(Scraped caption text data)
▼
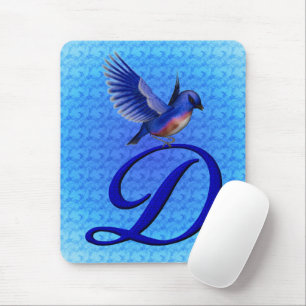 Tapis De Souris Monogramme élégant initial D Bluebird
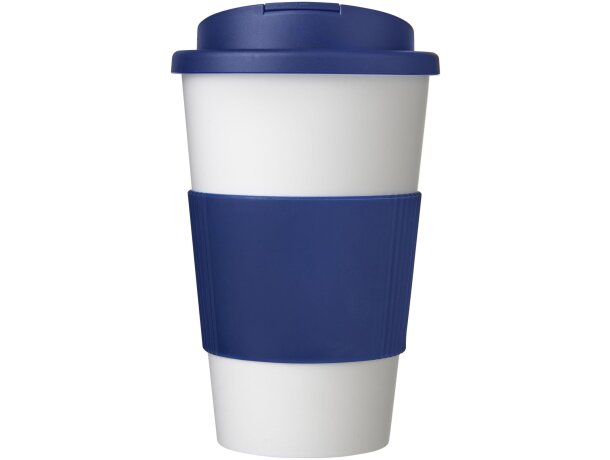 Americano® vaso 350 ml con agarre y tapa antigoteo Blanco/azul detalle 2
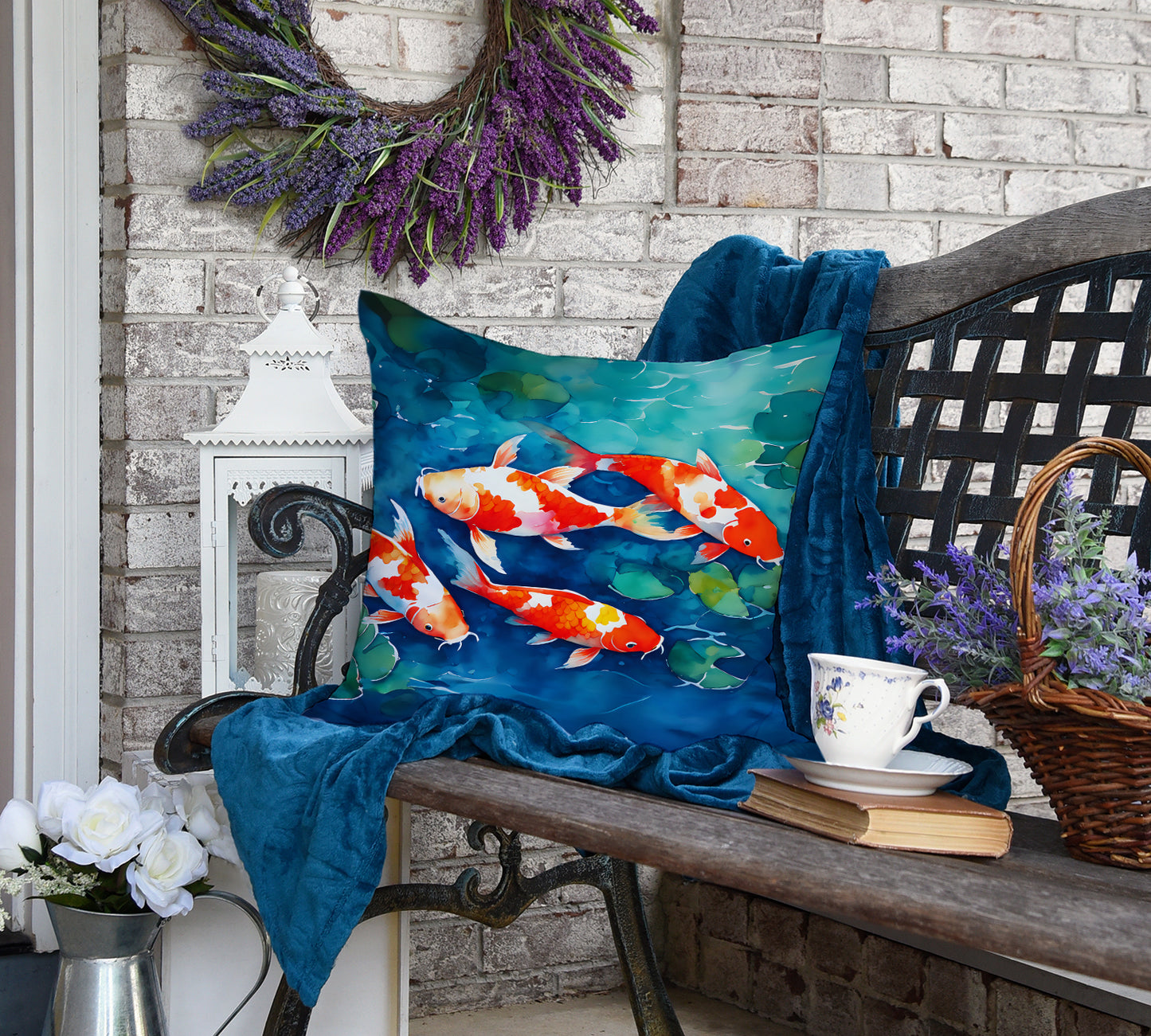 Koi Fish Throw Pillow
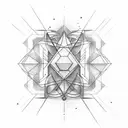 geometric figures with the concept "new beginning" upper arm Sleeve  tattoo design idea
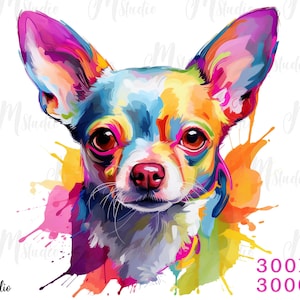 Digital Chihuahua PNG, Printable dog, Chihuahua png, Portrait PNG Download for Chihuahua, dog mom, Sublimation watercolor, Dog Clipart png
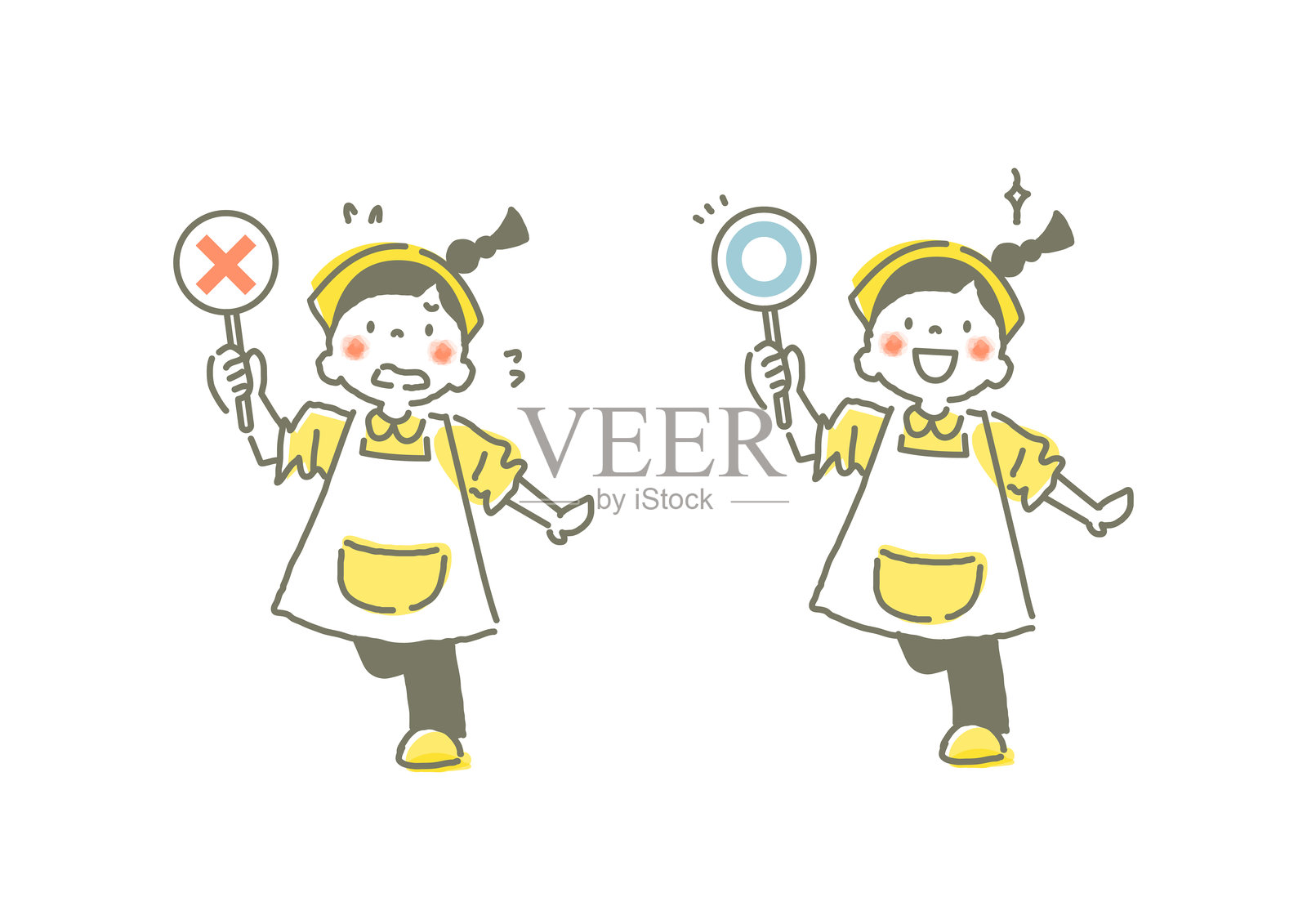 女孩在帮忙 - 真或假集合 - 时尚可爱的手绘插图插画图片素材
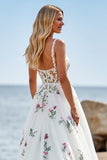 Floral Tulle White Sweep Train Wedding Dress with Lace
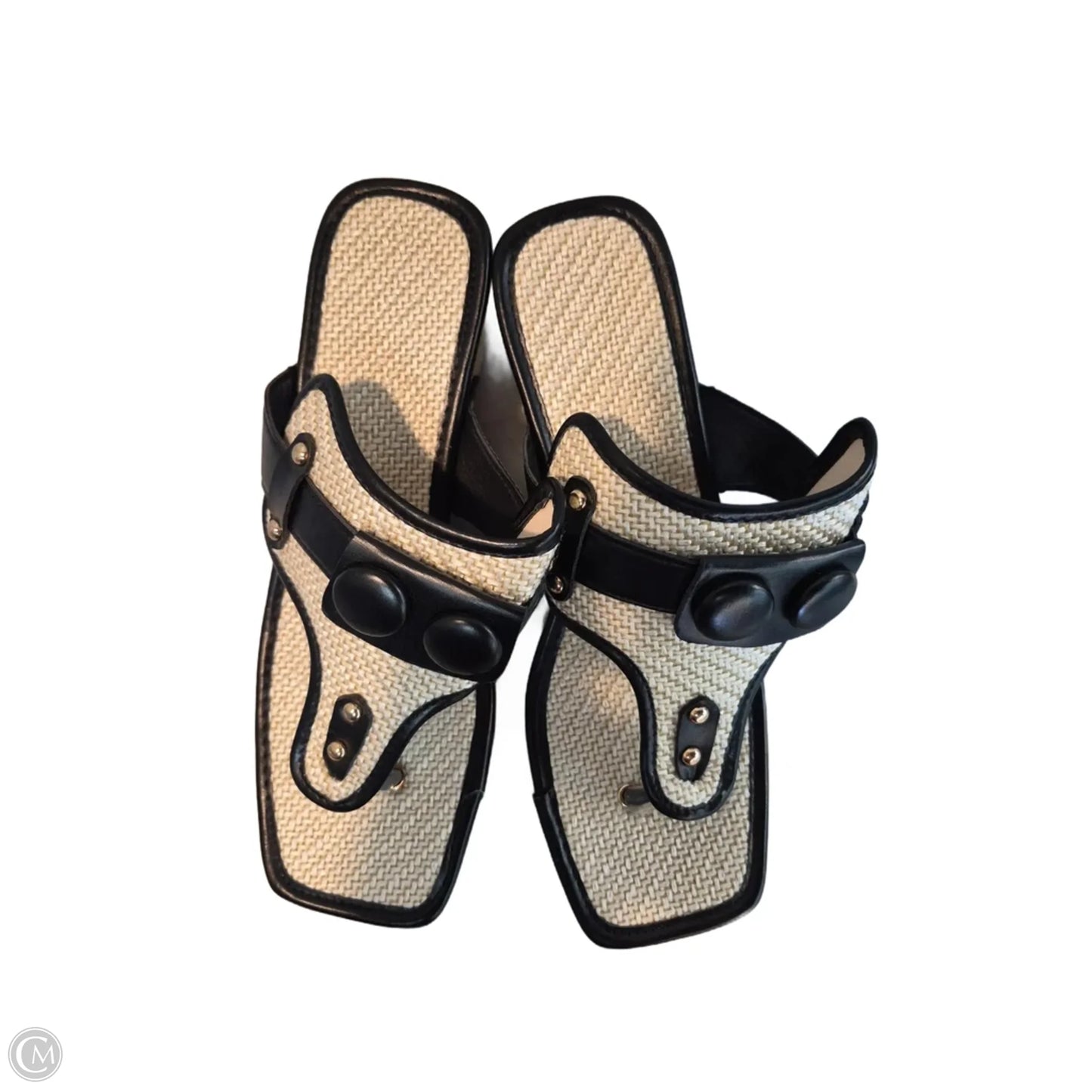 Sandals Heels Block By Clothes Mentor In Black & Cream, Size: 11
▲
Task to complete |
Please print an exact copy of the records, with no pictures.

Final answer |
 Tapis De Souris Monogramme élégant initial D Bluebird
 Americano® vaso 350 ml con agarre y tapa antigoteo Blanco/azul detalle 2
 Koi Fish Throw Pillow
 geometric figures with the concept "new beginning" upper arm Sleeve  tattoo design idea
 Digital Chihuahua PNG, Printable dog, Chihuahua png, Portrait PNG Download for Chihuahua, dog mom, Sublimation watercolor, Dog Clipart png
 女孩在帮忙 - 真或假集合 - 时尚可爱的手绘插图插画图片素材
 Floral Tulle White Sweep Train Wedding Dress with Lace
 Sandals Heels Block By Clothes Mentor In Black & Cream, Size: 11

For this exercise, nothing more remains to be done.